--- PROBLEM REQUIREMENTS ---
Each line below is to be repeated exactly; any picture is to be left out.

--- DATA PROVIDED ---
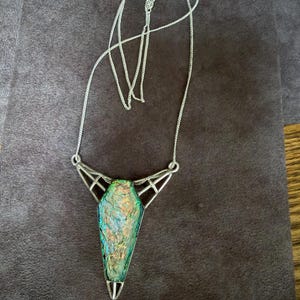 May include: A silver-toned necklace featuring a coffin-shaped pendant with an iridescent, multi-colored glass inlay. The pendant is held by a geometric metal frame with openwork detailing, suspended from a delicate silver-toned chain with a clasp.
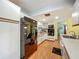 Functional kitchen boasting white cabinets, black appliances, and wood-look floors with ample counter space at 1850 Lakeshore Cir, Longwood, FL 32750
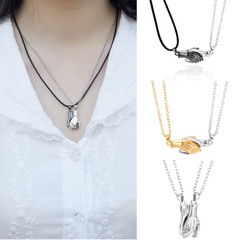 Les aimants de collier de couple de ventes directes d'usine attirent une paire de colliers de chaîne de clavicule masculins et féminins accessoires d'argent sauvage en gros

--- ANSWER BELOW ---
 May include: A silver-toned necklace featuring a coffin-shaped pendant with an iridescent, multi-colored glass inlay. The pendant is held by a geometric metal frame with openwork detailing, suspended from a delicate silver-toned chain with a clasp.
 Functional kitchen boasting white cabinets, black appliances, and wood-look floors with ample counter space at 1850 Lakeshore Cir, Longwood, FL 32750
 Les aimants de collier de couple de ventes directes d'usine attirent une paire de colliers de chaîne de clavicule masculins et féminins accessoires d'argent sauvage en gros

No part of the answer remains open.